John tells us that the religious leaders persecuted Jesus

“because he was doing these things on the Sabbath” (v. 16).

Jesus answers with a single sentence that detonates the whole controversy.

“My Father is working until now, and I am working” (v. 17).

He’s not saying, “Sabbath doesn’t matter.” He’s saying, “You don’t understand God’s Sabbath, and you don’t understand me (I am God).”

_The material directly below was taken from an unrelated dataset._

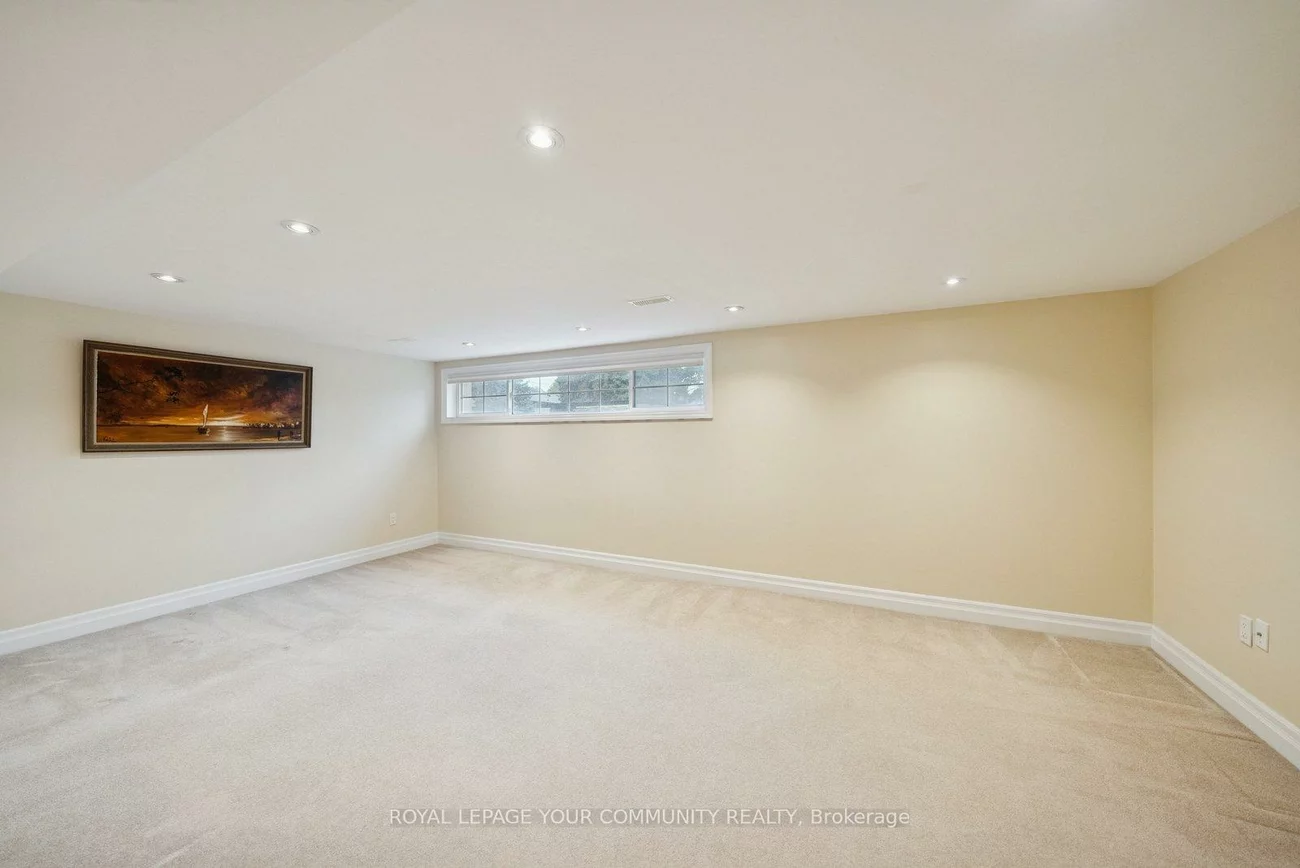 402, Palmer, Harding, Richmond Hill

God’s “rest” never meant inactivity, as if the world runs itself. The Creator continues to uphold creation, restrain evil, show mercy, and carry forward his saving purposes. And Jesus places his own work (healing, restoring, giving life) inside that divine activity. So the leaders move from “He broke our Sabbath rules” to something even more alarming. Jesus called God his own Father, which meant he claimed equality with the Creator (v. 18).


Who is God

The Creator is still "at work."

God is still working in a fallen world, and Jesus reveals that this ongoing work is not separate from him. In other words, the God of Scripture is not merely a lawgiver who watches you keep the Sabbath. God is the living Father who gives the Sabbath as a sign of his life-giving reign. Jesus shares in that reign with all who believe.


What is our guilt

We prefer a "god" we can manage.

The religious leaders’ reaction exposes a perennial human instinct. The moment Jesus refuses to fit into our categories (superstition, religion-as-control, self-protection), we feel threatened.

Our guilt shows up not only in rule-keeping pride, but in the deeper refusal to yield honor. The real issue is whether we will honor the Son, or keep our own “honor system” intact. The conflict escalates because Jesus is equal with God, and we are not.


How does Grace Shine

Christ does not soften the claim that He is the God of the Old Testament to avoid conflict. He speaks the truth that will cost him.

The Son is God Most High. But in order to save us, He became low. The one who shares the Father’s work and status will take the path of humility all the way to the cross, bearing dishonor so we can be forgiven and restored.


So John 5:16–18 is not mainly telling us, “Be careful about Sabbath debates.” It is telling us, “In Christ, you are meeting someone who cannot be treated casually.”

If Jesus is the Son of God who is equal to the Father, then the right response is not mere admiration. It is surrender! Christ is the King to whom we should gladly surrender!


Prayer

Heavenly Father, we confess how often we want you to fit our categories and serve our comfort. We confess that we can defend religious “rightness” and still resist your living presence.

Forgive us for the ways we refuse to honor your Son as we should.

Grant us grace to stop negotiating with you, and to trust you when you are “working until now” in ways we cannot yet explain.

Teach us the freedom of humble surrender.

In the name of Jesus Christ, we pray. Amen.